The primary goal is to design efficient randomized algorithms aka.
testers that can distinguish whether a given unknown object is
"close'' or "far'' from a property of interest with as few accesses as
possible. This is referred to as distribution testing when the unknown
object is a probability distribution, and graph property testing when
it is a graph. The minimum number of samples required to decide a
property in distribution testing is referred to as sample complexity,
while in graph property testing, it is referred to as query
complexity.
In this thesis, we study several fundamental problems in distribution
and graph property testing such as (i) Can one design a tolerant
tester for any distribution property with only black-box access to a
non-tolerant tester? (ii) Does there exist distribution properties
with global structure that can be learnt efficiently? (iii) the role
of adaptivity in distribution testing, and tolerant testing for (iv)
graph isomorphism and (v) bipartiteness.
The results of the thesis are divided into three parts. In the first
part, we study the connection between the sample complexities of
non-tolerant and tolerant testing of distributions and prove a tight
quadratic gap for label-invariant (symmetric) properties, while
providing lower bounds for non-concentrated properties. We also
present an algorithm that can learn a concentrated distribution even
when its support set is unknown apriori.
In the second part, we investigate problems (ii) and (iii) in huge
object model, where distributions are defined over n-dimensional
Hamming cube and the tester obtains n-bit strings as samples. Since
reading the string in its entirety may not be feasible for large n,
the tester has query access to the sampled strings. We define the
notion of index-invariant properties, properties that are invariant
under the permutations of the indices {1,......,n} and prove that any
index-invariant property whose VC-dimension is bounded has a tester
whose query complexity is independent of n and depends only on
VC-dimension. Moreover, the dependencies of sample and query
complexities of our tester on the VC-dimension are tight. We also
study the power of adaptiveness in this model and prove a tight
quadratic separation between query complexities of adaptive and
non-adaptive testers for index-invariant properties, compared to tight
exponential separation for its non-index-invariant counterpart.

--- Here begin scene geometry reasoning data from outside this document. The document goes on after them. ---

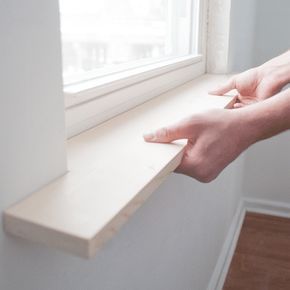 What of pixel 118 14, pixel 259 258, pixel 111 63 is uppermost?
pixel 118 14

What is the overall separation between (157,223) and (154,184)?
29 cm

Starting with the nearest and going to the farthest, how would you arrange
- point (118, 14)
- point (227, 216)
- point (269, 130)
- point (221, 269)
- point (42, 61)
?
point (42, 61)
point (269, 130)
point (118, 14)
point (221, 269)
point (227, 216)

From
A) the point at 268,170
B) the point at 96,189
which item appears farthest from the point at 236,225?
the point at 96,189

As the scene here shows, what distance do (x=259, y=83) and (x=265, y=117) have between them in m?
0.38

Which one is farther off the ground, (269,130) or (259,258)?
(269,130)

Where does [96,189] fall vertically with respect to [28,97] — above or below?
below

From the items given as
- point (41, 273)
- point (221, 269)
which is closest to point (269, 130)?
point (41, 273)

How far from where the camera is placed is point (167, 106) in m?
0.90

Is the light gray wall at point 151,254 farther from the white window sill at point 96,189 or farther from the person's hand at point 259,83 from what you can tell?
the person's hand at point 259,83

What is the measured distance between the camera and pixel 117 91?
2.63ft

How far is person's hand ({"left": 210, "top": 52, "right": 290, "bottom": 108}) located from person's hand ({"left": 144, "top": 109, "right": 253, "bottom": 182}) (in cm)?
36

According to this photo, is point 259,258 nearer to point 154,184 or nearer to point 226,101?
point 226,101

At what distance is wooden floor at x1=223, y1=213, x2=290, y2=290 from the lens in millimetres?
1526

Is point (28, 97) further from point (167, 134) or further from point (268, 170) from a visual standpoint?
point (268, 170) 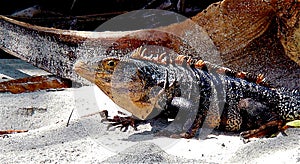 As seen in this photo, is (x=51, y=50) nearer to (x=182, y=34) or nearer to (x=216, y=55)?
(x=182, y=34)

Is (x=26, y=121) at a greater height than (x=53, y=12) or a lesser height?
lesser

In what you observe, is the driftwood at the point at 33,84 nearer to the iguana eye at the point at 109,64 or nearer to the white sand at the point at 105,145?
the white sand at the point at 105,145

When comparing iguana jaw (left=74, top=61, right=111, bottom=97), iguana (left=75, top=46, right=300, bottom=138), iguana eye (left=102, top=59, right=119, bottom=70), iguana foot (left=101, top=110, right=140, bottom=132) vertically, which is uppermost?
iguana eye (left=102, top=59, right=119, bottom=70)

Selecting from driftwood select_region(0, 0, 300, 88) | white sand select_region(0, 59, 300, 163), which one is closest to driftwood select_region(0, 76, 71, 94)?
driftwood select_region(0, 0, 300, 88)

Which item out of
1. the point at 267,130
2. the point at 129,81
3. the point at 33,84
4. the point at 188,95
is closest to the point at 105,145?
the point at 129,81

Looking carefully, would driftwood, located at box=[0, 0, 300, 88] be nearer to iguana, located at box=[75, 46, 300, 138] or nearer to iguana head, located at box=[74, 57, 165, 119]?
iguana, located at box=[75, 46, 300, 138]

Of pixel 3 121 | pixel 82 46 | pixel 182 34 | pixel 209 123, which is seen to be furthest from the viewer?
pixel 82 46

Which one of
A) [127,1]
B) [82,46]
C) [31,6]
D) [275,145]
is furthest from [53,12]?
[275,145] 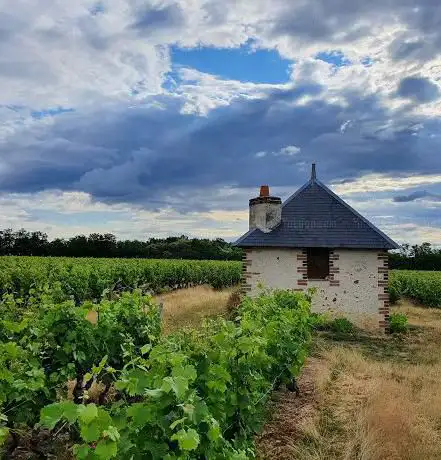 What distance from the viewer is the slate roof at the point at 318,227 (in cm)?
1711

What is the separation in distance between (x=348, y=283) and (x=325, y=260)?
3.44ft

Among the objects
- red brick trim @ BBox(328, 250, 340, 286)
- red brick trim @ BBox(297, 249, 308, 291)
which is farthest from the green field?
red brick trim @ BBox(328, 250, 340, 286)

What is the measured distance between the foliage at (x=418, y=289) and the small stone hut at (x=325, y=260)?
1251 centimetres

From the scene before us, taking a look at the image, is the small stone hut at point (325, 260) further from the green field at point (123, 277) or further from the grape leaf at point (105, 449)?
the grape leaf at point (105, 449)

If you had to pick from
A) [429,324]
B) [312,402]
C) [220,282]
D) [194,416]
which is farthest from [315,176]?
[220,282]

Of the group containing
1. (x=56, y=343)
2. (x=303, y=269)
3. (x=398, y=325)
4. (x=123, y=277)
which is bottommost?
(x=398, y=325)

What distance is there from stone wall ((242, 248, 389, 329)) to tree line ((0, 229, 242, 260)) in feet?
151

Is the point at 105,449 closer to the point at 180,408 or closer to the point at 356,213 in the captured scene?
the point at 180,408

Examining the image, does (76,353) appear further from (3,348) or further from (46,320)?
(3,348)

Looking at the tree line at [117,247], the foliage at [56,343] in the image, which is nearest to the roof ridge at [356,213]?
the foliage at [56,343]

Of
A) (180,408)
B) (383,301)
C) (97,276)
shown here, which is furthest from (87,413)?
(97,276)

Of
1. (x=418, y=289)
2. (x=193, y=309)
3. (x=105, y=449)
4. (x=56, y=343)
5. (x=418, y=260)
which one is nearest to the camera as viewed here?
(x=105, y=449)

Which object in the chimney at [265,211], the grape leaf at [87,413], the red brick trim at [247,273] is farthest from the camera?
the chimney at [265,211]

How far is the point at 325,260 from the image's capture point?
17.5 m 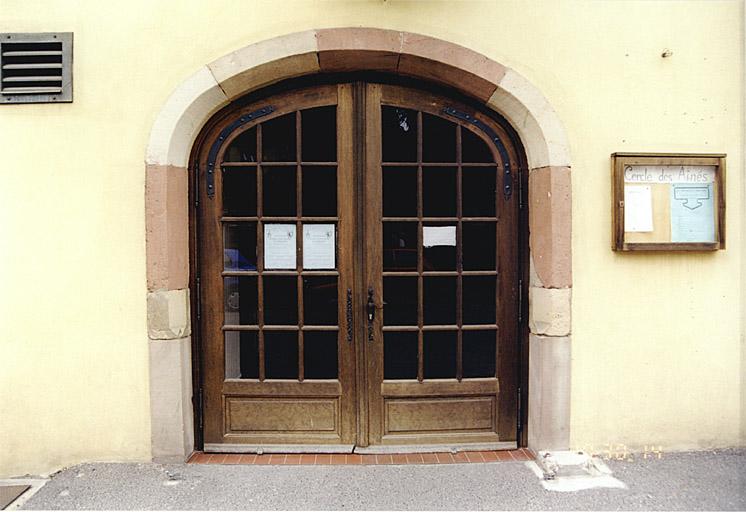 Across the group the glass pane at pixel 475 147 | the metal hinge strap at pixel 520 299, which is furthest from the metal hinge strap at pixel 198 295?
the metal hinge strap at pixel 520 299

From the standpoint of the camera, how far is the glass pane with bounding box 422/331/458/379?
390 cm

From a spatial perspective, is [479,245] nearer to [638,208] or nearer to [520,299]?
[520,299]

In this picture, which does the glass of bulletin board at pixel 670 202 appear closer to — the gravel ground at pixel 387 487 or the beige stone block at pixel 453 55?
the beige stone block at pixel 453 55

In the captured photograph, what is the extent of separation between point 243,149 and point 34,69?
1373 mm

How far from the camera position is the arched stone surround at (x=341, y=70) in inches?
141

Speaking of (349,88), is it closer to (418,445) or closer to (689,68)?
(689,68)

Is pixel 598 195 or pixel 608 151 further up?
pixel 608 151

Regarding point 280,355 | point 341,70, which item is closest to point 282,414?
point 280,355

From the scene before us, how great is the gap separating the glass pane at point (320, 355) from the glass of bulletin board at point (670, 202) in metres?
2.00

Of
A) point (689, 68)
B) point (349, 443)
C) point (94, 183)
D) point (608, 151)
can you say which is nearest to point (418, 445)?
point (349, 443)

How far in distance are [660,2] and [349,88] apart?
2.12 meters

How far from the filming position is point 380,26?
3.62 m

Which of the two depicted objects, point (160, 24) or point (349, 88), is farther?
point (349, 88)

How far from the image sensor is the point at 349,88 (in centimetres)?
386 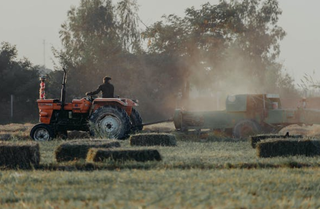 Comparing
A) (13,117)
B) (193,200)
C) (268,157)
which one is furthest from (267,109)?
(13,117)

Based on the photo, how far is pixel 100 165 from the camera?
9.95 meters

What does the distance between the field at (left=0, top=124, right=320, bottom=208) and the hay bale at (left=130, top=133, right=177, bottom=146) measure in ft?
15.5

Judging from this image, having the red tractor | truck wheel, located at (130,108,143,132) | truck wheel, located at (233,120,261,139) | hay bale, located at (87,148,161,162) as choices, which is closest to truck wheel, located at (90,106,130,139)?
the red tractor

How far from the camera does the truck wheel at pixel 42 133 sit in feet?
60.8

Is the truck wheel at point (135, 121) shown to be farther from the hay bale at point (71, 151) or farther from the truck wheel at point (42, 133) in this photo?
the hay bale at point (71, 151)

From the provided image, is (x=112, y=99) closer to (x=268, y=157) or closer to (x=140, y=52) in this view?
(x=268, y=157)

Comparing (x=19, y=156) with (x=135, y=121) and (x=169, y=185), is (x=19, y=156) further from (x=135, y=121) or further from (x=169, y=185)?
(x=135, y=121)

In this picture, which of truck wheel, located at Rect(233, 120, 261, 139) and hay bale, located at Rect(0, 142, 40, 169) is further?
truck wheel, located at Rect(233, 120, 261, 139)

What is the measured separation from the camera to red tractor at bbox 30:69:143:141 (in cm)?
1811

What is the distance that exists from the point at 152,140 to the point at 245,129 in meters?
5.06

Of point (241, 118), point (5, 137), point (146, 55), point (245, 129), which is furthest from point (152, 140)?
point (146, 55)

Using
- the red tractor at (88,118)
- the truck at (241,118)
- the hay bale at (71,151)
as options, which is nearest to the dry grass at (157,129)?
the truck at (241,118)

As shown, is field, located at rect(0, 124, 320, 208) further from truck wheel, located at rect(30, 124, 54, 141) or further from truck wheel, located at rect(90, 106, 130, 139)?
truck wheel, located at rect(30, 124, 54, 141)

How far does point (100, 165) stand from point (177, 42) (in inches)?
1342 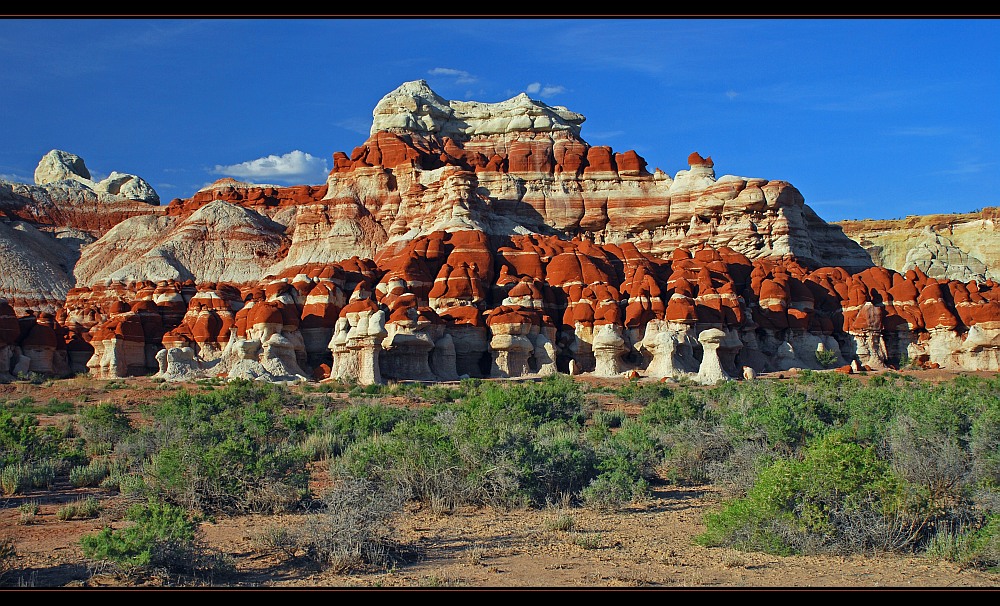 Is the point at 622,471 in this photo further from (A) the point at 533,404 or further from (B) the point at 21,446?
(B) the point at 21,446

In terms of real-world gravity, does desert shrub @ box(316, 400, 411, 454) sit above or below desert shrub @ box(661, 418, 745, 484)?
above

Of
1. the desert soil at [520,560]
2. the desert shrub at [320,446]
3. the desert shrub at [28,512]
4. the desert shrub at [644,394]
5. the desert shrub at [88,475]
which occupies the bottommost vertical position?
the desert soil at [520,560]

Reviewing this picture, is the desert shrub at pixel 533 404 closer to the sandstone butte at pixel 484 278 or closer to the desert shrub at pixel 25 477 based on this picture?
the desert shrub at pixel 25 477

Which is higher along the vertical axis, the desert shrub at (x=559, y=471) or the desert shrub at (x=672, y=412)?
the desert shrub at (x=672, y=412)

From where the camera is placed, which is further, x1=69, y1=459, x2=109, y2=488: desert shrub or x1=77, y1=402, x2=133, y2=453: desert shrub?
x1=77, y1=402, x2=133, y2=453: desert shrub

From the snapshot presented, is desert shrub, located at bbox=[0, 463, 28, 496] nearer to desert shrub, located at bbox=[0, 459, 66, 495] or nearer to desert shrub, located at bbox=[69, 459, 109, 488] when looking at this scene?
desert shrub, located at bbox=[0, 459, 66, 495]

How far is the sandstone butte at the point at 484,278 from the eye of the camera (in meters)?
51.3

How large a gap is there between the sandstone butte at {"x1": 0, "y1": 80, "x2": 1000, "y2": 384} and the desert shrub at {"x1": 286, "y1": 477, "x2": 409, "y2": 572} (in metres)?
34.3

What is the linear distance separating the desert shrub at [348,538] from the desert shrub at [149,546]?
4.37 feet

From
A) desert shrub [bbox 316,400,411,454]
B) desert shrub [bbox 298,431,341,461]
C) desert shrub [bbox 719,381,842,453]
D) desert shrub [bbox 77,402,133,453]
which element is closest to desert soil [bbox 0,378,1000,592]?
desert shrub [bbox 719,381,842,453]

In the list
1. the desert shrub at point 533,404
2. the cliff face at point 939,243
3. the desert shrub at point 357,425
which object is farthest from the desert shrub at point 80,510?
the cliff face at point 939,243

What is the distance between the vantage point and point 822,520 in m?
12.0

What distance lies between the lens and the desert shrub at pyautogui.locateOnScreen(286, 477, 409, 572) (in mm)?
11305

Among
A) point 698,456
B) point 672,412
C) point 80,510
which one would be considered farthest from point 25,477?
point 672,412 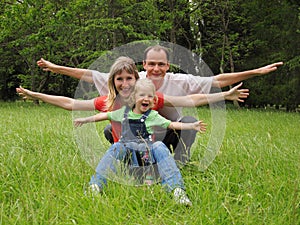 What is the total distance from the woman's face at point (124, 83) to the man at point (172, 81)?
23 cm

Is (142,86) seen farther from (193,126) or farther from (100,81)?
(100,81)

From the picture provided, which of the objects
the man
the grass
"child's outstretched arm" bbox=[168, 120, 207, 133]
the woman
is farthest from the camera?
the man

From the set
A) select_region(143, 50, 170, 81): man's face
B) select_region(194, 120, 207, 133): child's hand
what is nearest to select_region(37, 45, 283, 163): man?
select_region(143, 50, 170, 81): man's face

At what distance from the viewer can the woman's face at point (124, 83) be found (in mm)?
3039

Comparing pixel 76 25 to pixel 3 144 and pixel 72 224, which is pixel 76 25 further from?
pixel 72 224

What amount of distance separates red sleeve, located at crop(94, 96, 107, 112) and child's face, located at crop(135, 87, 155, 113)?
0.40 m

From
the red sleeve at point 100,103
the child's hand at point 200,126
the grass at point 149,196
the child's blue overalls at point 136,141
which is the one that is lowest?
the grass at point 149,196

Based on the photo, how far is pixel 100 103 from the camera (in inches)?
126

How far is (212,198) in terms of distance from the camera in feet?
7.57

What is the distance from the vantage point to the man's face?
3.20 metres

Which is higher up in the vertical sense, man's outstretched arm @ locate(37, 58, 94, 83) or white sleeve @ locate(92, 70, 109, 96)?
man's outstretched arm @ locate(37, 58, 94, 83)

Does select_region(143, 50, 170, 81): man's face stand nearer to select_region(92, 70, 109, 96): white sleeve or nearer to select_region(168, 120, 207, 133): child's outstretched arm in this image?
select_region(92, 70, 109, 96): white sleeve

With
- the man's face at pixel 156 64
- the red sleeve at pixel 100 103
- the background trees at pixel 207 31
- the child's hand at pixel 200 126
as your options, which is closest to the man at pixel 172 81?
the man's face at pixel 156 64

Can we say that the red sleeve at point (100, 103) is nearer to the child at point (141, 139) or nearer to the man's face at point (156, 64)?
the child at point (141, 139) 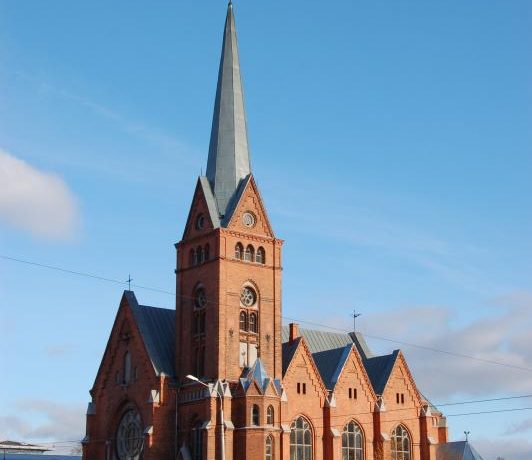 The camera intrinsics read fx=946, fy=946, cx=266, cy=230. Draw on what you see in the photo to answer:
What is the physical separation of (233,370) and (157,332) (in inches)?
367

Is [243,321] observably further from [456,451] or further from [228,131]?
[456,451]

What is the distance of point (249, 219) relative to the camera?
7494 cm

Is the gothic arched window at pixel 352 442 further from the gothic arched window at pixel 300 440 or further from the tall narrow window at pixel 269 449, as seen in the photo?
the tall narrow window at pixel 269 449

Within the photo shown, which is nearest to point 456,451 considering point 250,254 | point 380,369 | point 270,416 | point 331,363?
point 380,369

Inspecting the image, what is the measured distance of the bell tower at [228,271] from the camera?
70.8 metres

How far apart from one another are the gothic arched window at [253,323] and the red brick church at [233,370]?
9.5 inches

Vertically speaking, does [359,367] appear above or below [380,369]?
below

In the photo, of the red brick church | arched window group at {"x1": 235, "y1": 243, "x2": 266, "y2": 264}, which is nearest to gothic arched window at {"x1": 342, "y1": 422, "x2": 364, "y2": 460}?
the red brick church

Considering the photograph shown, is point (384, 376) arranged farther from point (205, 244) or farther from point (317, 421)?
point (205, 244)

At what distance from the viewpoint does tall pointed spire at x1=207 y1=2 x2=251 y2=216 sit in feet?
249

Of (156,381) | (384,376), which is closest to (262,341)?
(156,381)

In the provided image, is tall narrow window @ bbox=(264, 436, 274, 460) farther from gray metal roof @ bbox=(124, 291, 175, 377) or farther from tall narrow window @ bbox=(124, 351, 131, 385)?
tall narrow window @ bbox=(124, 351, 131, 385)

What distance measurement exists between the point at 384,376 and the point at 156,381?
2042 cm

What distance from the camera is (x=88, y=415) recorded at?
7762cm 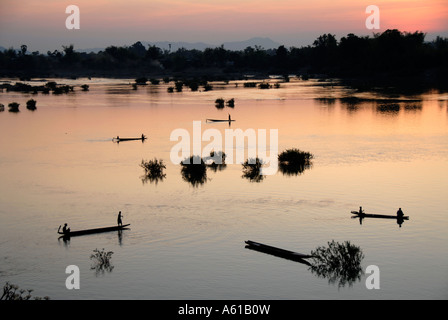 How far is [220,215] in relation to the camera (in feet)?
147

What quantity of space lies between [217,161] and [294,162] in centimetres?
813

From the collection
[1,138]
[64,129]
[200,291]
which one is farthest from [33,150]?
[200,291]

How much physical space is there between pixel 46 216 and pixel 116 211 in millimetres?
5098

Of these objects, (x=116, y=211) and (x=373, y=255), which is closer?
(x=373, y=255)

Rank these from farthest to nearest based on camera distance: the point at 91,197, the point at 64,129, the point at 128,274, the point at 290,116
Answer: the point at 290,116 < the point at 64,129 < the point at 91,197 < the point at 128,274

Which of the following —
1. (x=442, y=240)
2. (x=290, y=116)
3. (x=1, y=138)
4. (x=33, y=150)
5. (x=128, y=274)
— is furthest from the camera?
(x=290, y=116)

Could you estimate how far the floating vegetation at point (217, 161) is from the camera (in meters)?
61.8

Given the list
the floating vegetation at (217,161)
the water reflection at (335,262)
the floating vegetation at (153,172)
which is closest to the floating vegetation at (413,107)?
the floating vegetation at (217,161)

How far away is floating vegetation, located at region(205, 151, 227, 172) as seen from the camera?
6178 cm

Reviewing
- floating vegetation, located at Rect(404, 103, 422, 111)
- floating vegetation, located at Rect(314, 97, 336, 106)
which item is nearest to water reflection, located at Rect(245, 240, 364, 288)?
floating vegetation, located at Rect(404, 103, 422, 111)

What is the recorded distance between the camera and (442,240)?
3853 centimetres

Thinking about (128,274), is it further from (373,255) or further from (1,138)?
(1,138)

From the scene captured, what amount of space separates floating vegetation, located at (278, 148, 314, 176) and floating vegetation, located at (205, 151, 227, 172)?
232 inches

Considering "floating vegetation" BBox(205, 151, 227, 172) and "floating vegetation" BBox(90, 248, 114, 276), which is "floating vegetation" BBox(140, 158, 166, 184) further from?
"floating vegetation" BBox(90, 248, 114, 276) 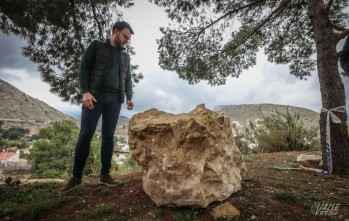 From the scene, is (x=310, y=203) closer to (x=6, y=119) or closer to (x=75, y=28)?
(x=75, y=28)

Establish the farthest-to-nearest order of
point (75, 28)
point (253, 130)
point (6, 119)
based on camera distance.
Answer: point (6, 119)
point (253, 130)
point (75, 28)

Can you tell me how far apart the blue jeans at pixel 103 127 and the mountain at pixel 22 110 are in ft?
212

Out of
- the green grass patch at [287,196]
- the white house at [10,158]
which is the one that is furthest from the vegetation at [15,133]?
the green grass patch at [287,196]

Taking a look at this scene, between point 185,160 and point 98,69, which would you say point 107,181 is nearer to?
point 185,160

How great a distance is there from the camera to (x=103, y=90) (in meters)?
3.26

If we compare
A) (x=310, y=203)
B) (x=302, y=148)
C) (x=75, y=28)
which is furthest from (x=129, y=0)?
(x=302, y=148)

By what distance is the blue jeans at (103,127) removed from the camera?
10.00 ft

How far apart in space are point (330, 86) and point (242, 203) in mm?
3611

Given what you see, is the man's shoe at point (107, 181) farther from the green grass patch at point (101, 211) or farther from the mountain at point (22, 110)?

In the third part, we study property testing of dense graphs and give
positive answers to problems (iv) and (v). We prove that tolerant
graph isomorphism testing is equivalent to the problem of estimating
the Earth Mover Distance of two distributions, constructed from the
graphs. Moreover, our equivalence proof is model independent. Finally
we design a tester for tolerant bipartiteness testing whose query and
time complexities are significantly better compared to previous works.